Son muchos los que afirman (y es posible que tengan razón) que la derrota es un territorio literario mucho más fértil que la victoria. La derrota es un lugar de frustración y de deseo. Deseo malogrado, deseo postergado, deseo en estado puro. Deseo, a fin de cuentas. ¿O qué otra cosa es el deseo?
El Mundial de Italia 90 tiene, para los argentinos, sobre todo para los que tenemos más de 40 años, un significado emocional ambivalente. Evocarlo nos entristece y al mismo tiempo nos conforta. Nos despierta un orgullo extraño. Un orgullo que no está relacionado con la victoria, sino con una cierta dignidad de la derrota.
El Mundial de 1990 es un sueño trunco. Un sueño orgulloso. Ningún futbolero de ley dirá que Argentina jugó bien ese Mundial. Salvo la semifinal contra Italia, los demás partidos fueron una mezcla de minutos interminables, azares felices, penales inolvidables, lesiones dolorosas y esperanzas que se negaban a morir.

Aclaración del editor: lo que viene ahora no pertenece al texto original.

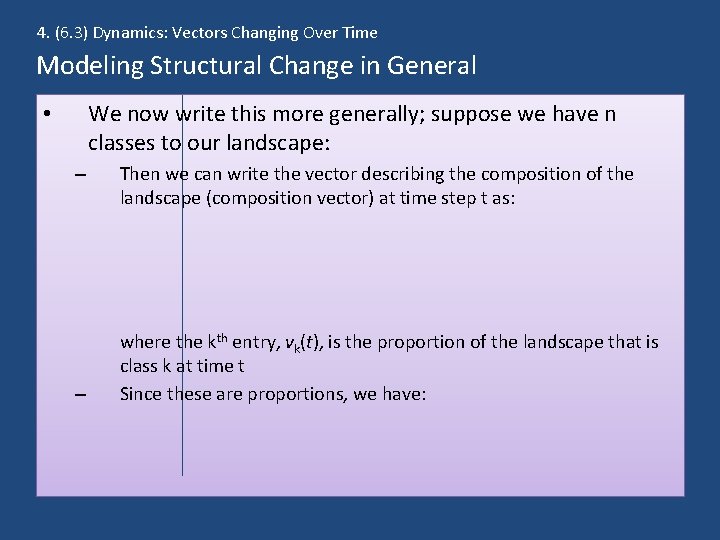 4. (6. 3) Dynamics: Vectors Changing Over Time Modeling Structural Change in General We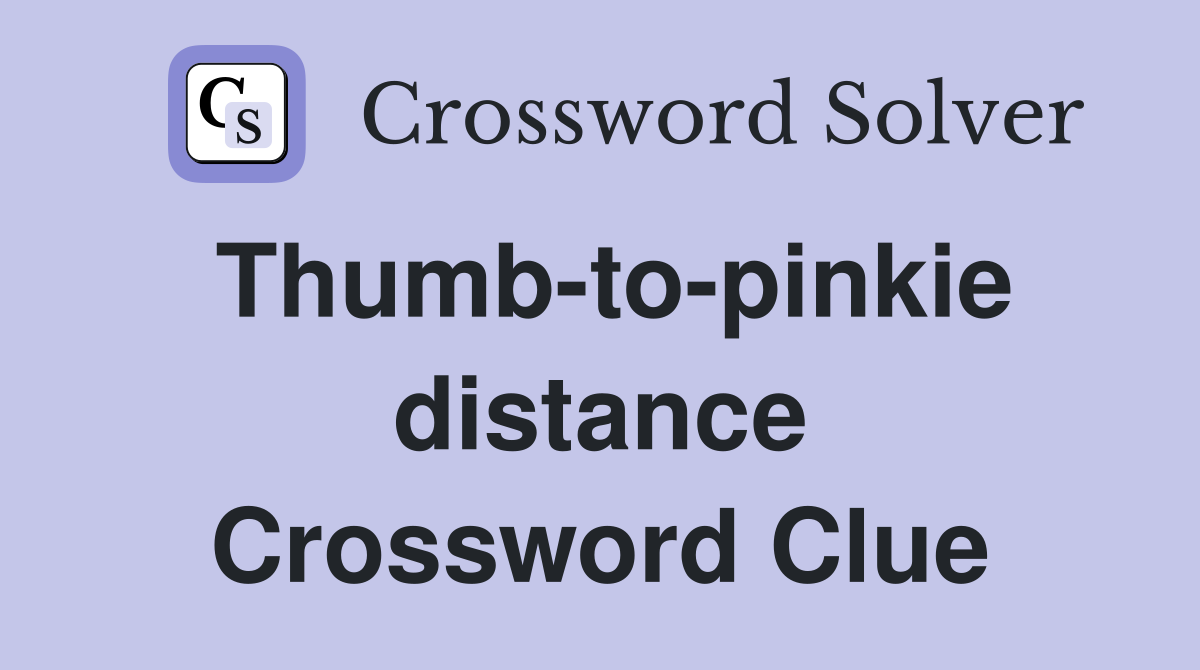 Thumb-to-pinkie distance Crossword Clue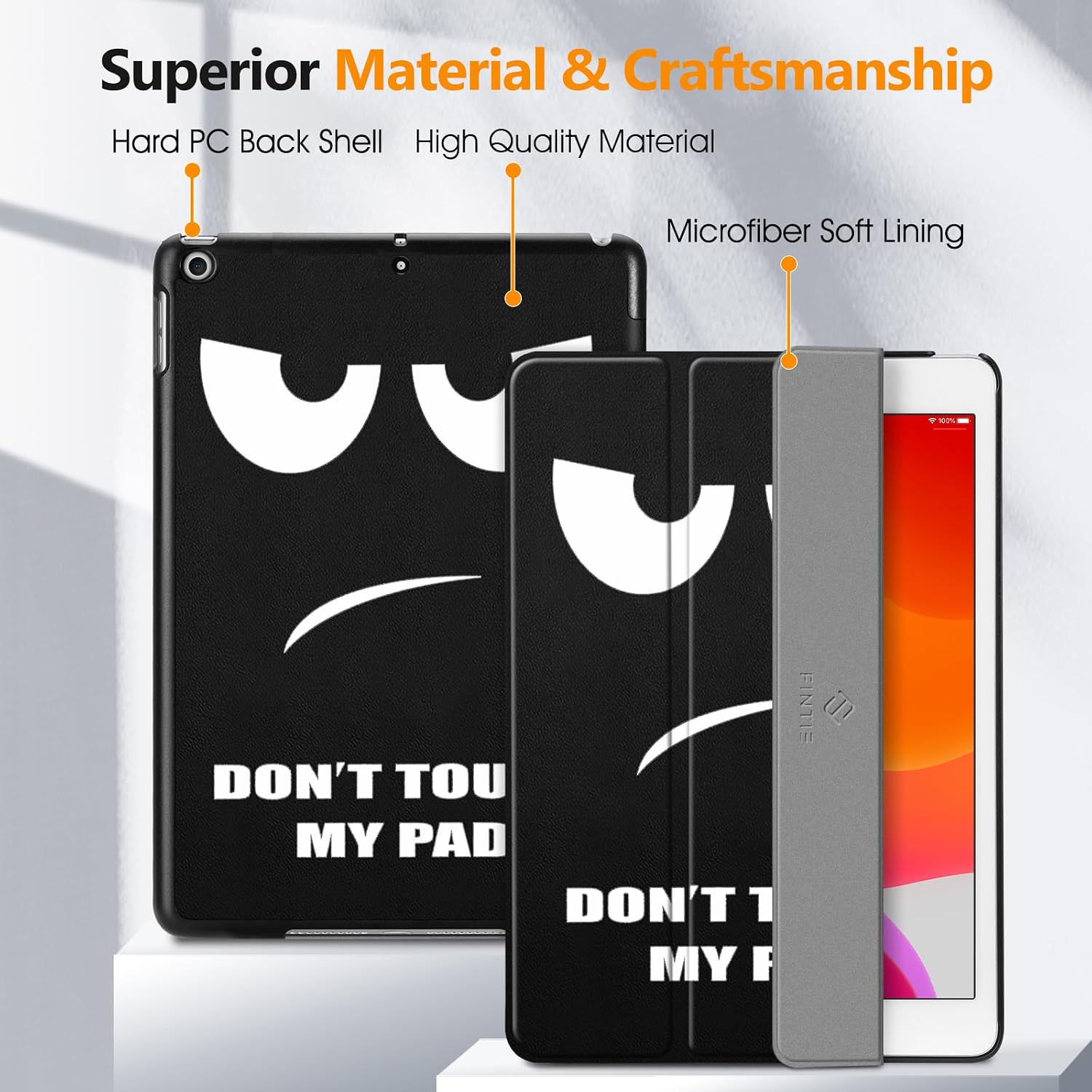 Superior Material & Craftsmanship  
Hard PC Back Shell  
High Quality Material  
Microfiber Soft Lining  

DON'T TOUCH MY PAD  
DON'T TOUCH MY F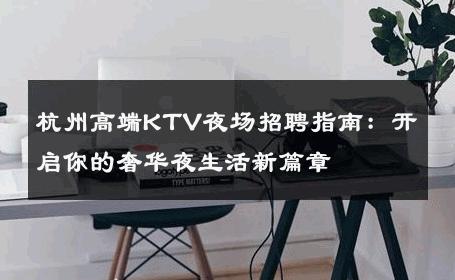 杭州高端KTV夜场招聘指南：开启你的奢华夜生活新篇章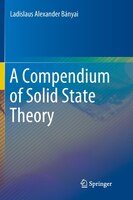 A Compendium Of Solid State Theory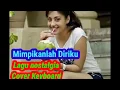 Download Lagu MIMPIKANLAH DIRIKU by Fanlee Worang (video lyrics)
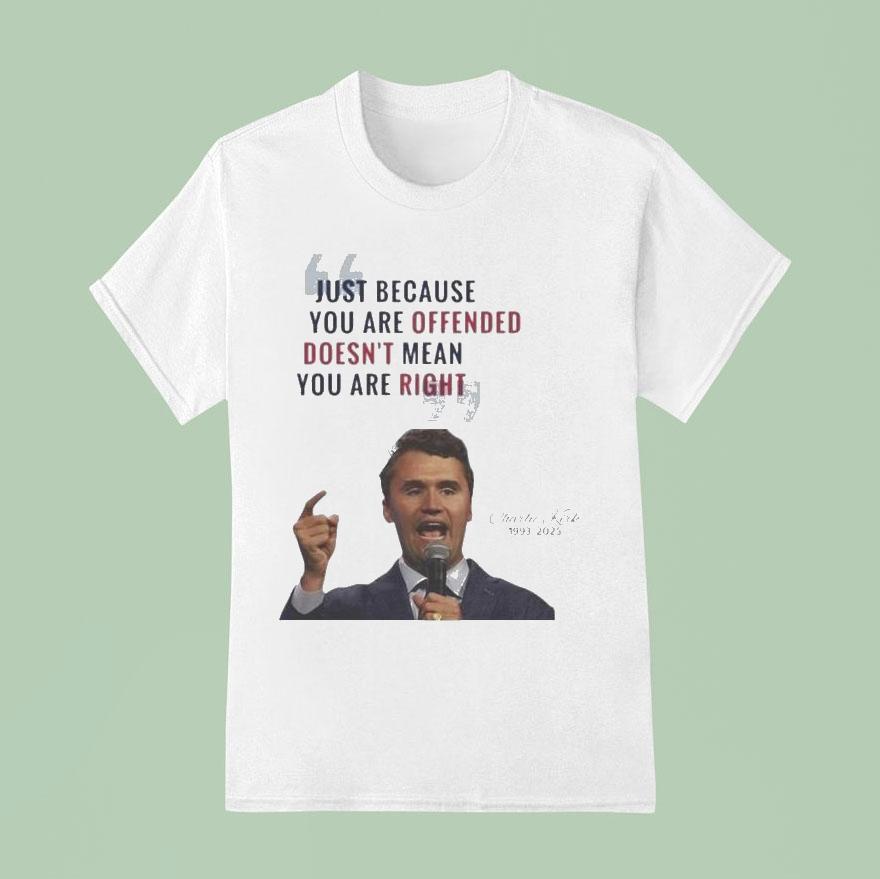 Charlie Kirk Just Because You Are Offended Doesn’t Mean You Are Right 1993 2025 Quote A True Patriot Shirt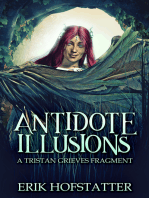 Antidote Illusions: A Tristan Grieves Fragment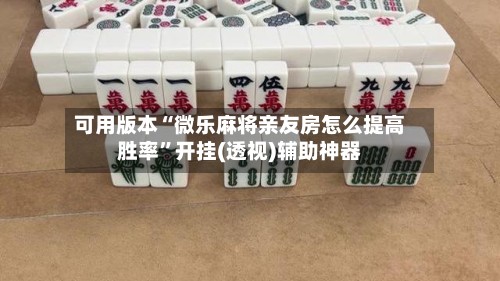 可用版本“微乐麻将亲友房怎么提高胜率	”开挂(透视)辅助神器-第2张图片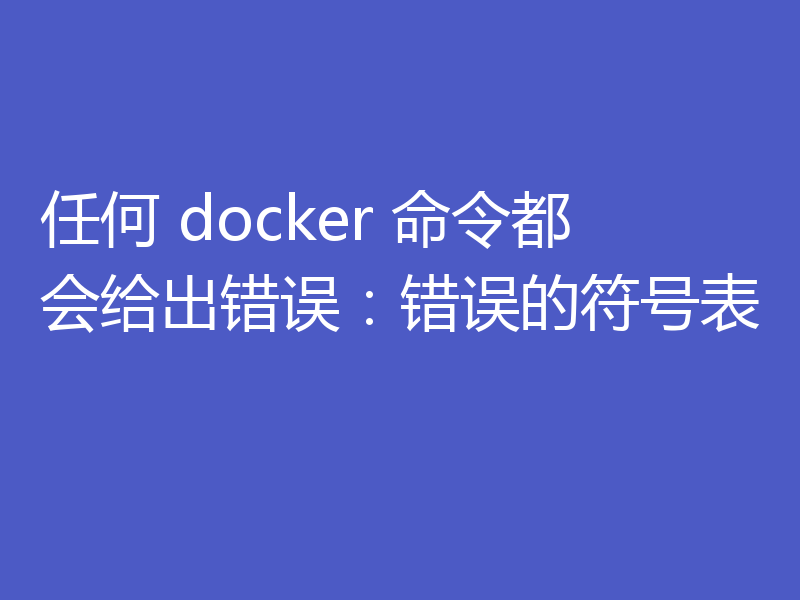 任何 docker 命令都会给出错误：错误的符号表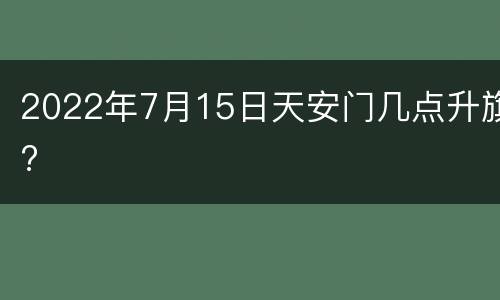 2022年7月15日天安门几点升旗?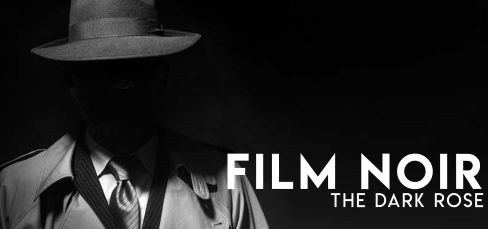 Film Noir: the Dark Rose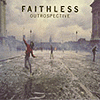 Faithless – Outrospective
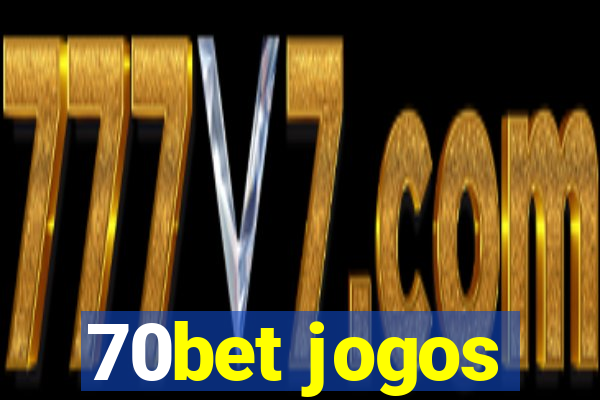 70bet jogos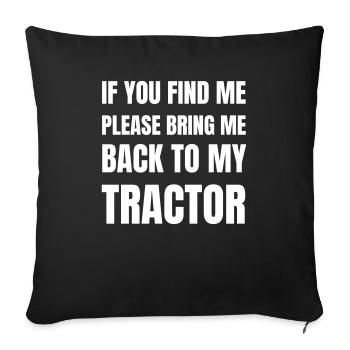 If you find me please bring me back to my tractor - Sofa pillowcase 17,3'' x 17,3'' (45 x 45 cm) - black - Front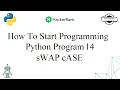 How To Start Programming HackerRank Python Problem 14 sWAP cASE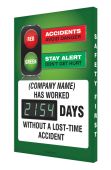 Semi-Custom Digi-Day® Electronic Safety Scoreboards: Accidents Avoid Danger Stay Alert Don't Get Hurt _ Has Worked ___ Days Without A Lost Time
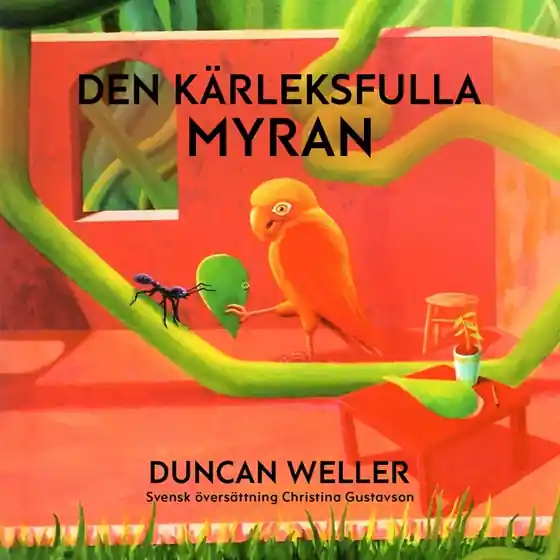 Den kärleksfulla myran (ljudbok) av Duncan Weller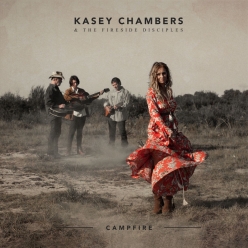 Kasey Chambers & The Fireside Disciples - Campfire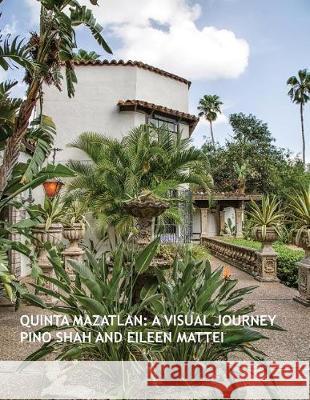 Quinta Mazatlan: A Visual Journey Pino Shah Eileen Mattei Carrie Rood 9780997998412 Artbypino.com - książka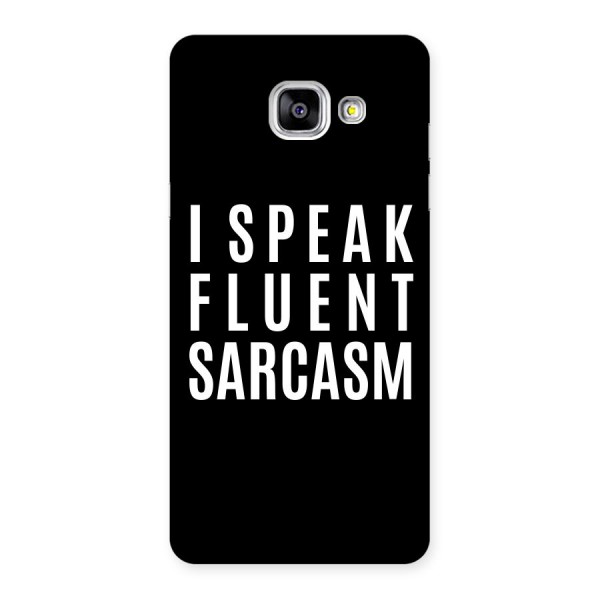 Fluent Sarcasm Back Case for Galaxy A5 2016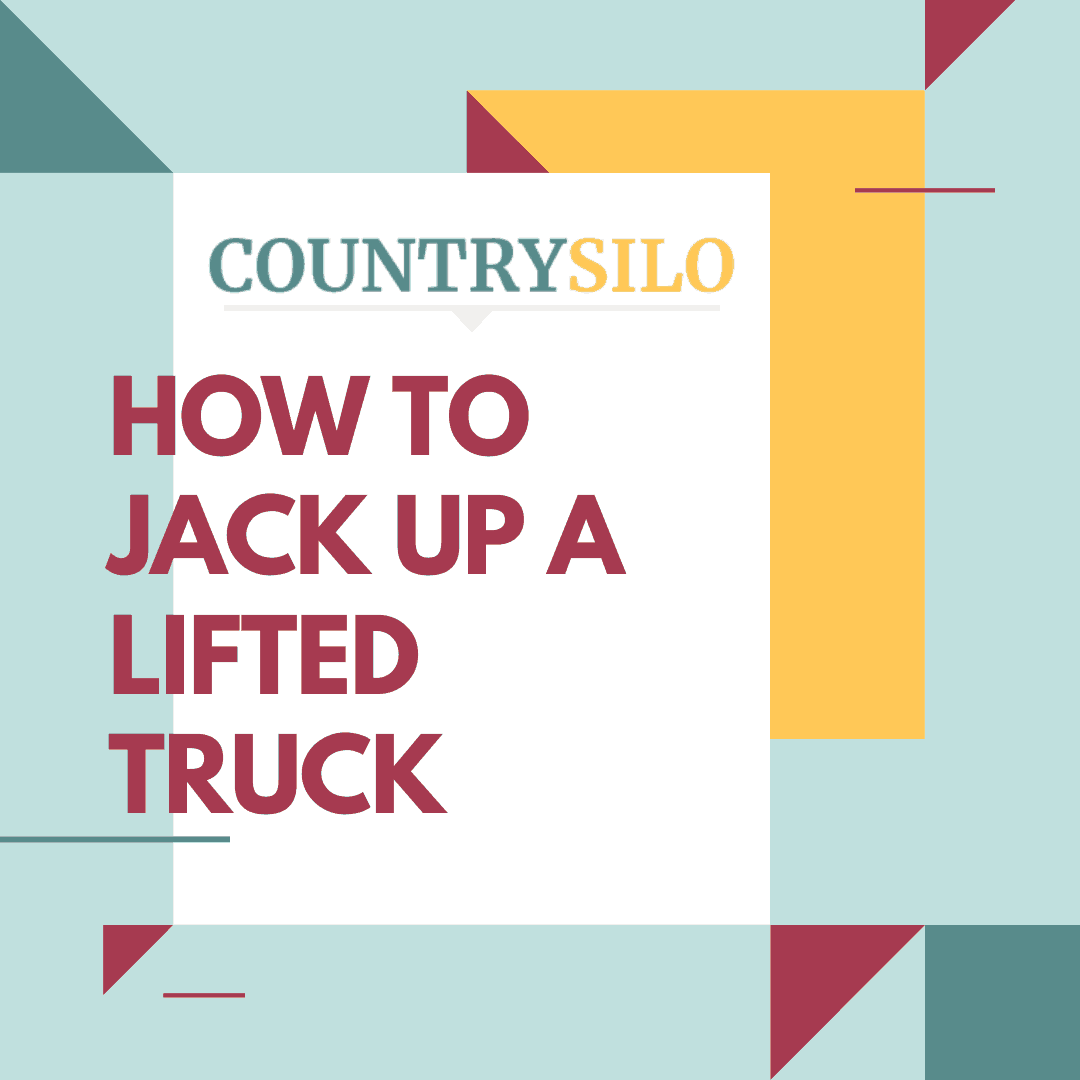 How To Jack Up A Lifted Truck The Right Way 11 Easy Steps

Esa combinación entre mis recuerdos de ese Mundial y sus posibilidades literarias me despertó el deseo de situar algún cuento en su contexto. No era fácil, porque todo el mundo sabe cómo terminó ese mundial para Argentina. Siempre es complicado situar un cuento en medio de un desenlace que todos conocen. Por eso “Un verano italiano” intenta generar un mínimo enigma en medio de una historia que carece de enigma. Todos sabemos que perdimos la final por un penal inventado por el árbitro mexicano cuando faltaban cinco minutos para que terminara el partido. Todos sabemos que Brehme lo pateó bien esquinado, a la derecha de Goyco que adivinó el poste pero no llegó con la estirada. Lo que no sabemos es si un anodino estudiante de Ciencias Económicas de la UBA conseguirá o no conquistar a una belleza que lo tiene enamorado, y que se sirve del Mundial para acercarse paso a paso al interés de ella.
Por ahí va “Un verano italiano”. Por ahí, y por darme el gusto de recordar la –para mí– mejor canción compuesta jamás para un Campeonato Mundial. Me encanta escucharla en la voz de Gianna Nannini. Me encanta.